|Recommended Degree Level||Certificate or Higher|
|Number of Jobs, 2012||56,140|
|Annual Job Growth Rate||2.1%|
|Job Openings per Year (est.)||3,100|
- Many photographers work for themselves as freelance professionals for which no formal education is needed.
- If you want to work for a major corporation, media outlet or art institution, you will likely need to hold a Bachelor in Fine Arts (B.F.A.) or Master in Fine Arts (M.F.A.) degree in photography or visual arts.
What you study:
You are likely to study all of the following in a photography program:
- Principles of Design
- Studio and Lighting Design
- History of Photography
- Photographic Methods
- Introduction to Photoshop
Shows an introduction to the work of a professional photographer. Created for the US Department of Labor.
A Day in the Life
As a professional photographer, you have many options in terms of your work environment and the types of photography that you complete. Some photographers choose to work for newspapers and other media outlets as media photographers. Others work as commercial photographers who take photos for businesses and architectural firms. You can also focus on fine art or institutional photography. However, the majority of photographers working in the U.S. are special event, wedding and portrait photographers.
You begin your day by double-checking your schedule. You have two portrait appointments in the morning and a wedding to shoot in the afternoon. Once you've confirmed your appointments with a quick phone call, you head into the studio to make sure that all of your lighting is working properly.

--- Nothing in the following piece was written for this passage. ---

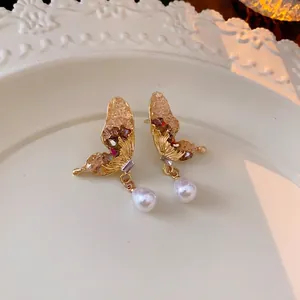 Vintage Schmetterling Ohrringe aus Gold mit Kristallen und Perlenanhänger auf Tablett
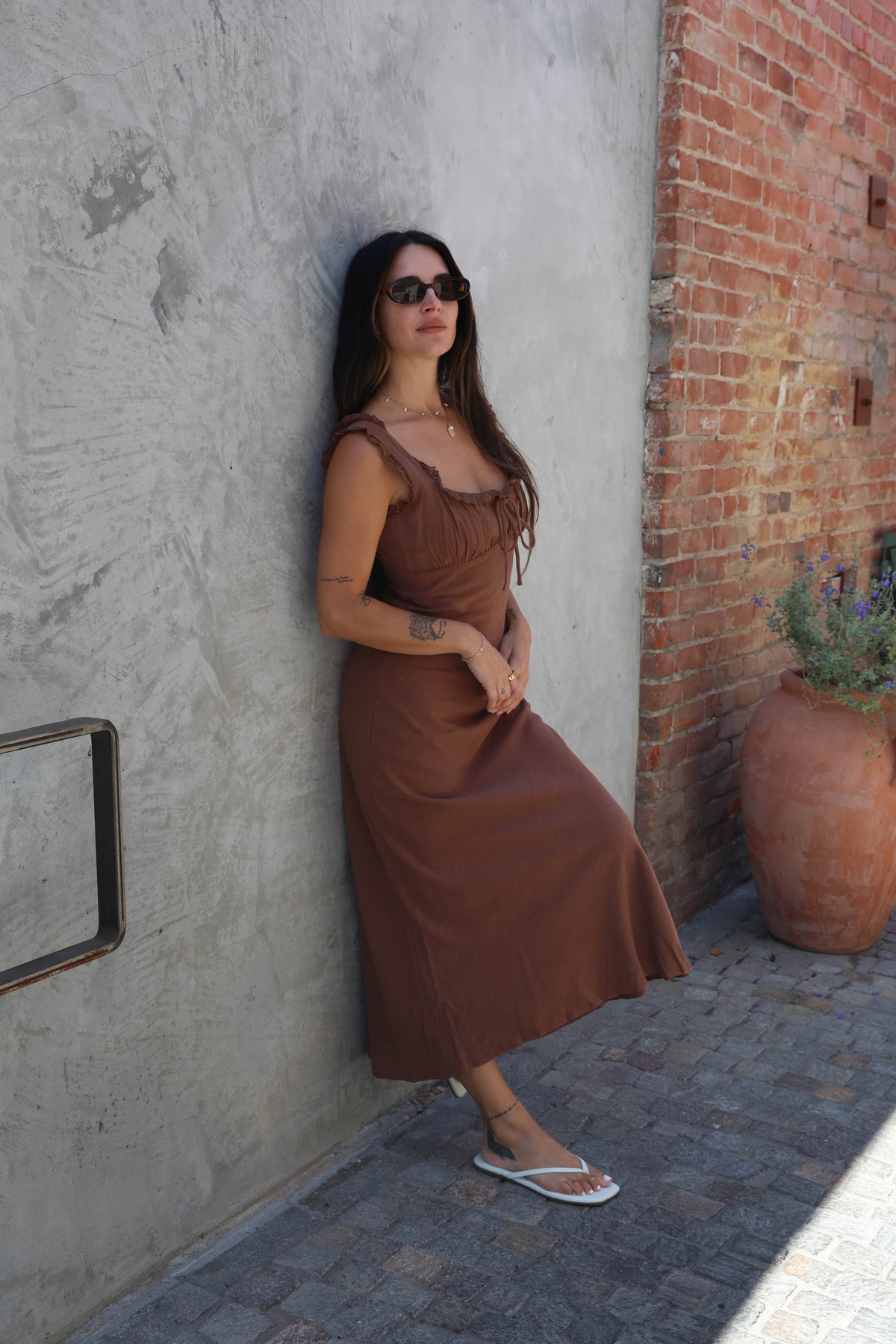 Woman in a brown dress leaning against a textured wall with a potted plant nearby.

Your first clients want pictures taken of their toddler. You set up props that toddlers like to use so that you can capture the best photos of the child. Working with the parents, you pose the little boy and take photos from various angles, making lighting adjustments as needed.
After you've completed work with the little boy, you put up your props and get ready for your next appointment. You're taking a formal portrait for a woman who has just received a major job promotion. You focus on taking professional head shots and 3/4 shots with soft, natural lighting. Once the appointment is over, you shut down all the lights in your studio and pack your gear bag to shoot the wedding.
At the wedding, you're responsible for both taking candid portraits of the ceremony and reception and for taking posed portraits of the bridal party. You work with an assistant called your second to ensure that you capture all of the important moments on this special day. You use a variety of portable lighting gear to ensure that you're taking high-quality photos.
Once the reception has wound down, you can head home for the evening. It's been a long day. Tomorrow, you'll begin processing and editing your photos using a professional computer program. Once your edits are completed, you'll make discs containing the photos for your clients. You'll also be responsible for printing high-quality copies of their photos for display in their homes. You encourage your clients to return to you any time that they need enlargements of their photos made.
Certifications and Licensing
No formal certification is needed to work as a photographer. You may wish to gain designation as a Certified Professional Photographer (CPP) in order to attract private clients. If you work for yourself, you may need to secure a business license.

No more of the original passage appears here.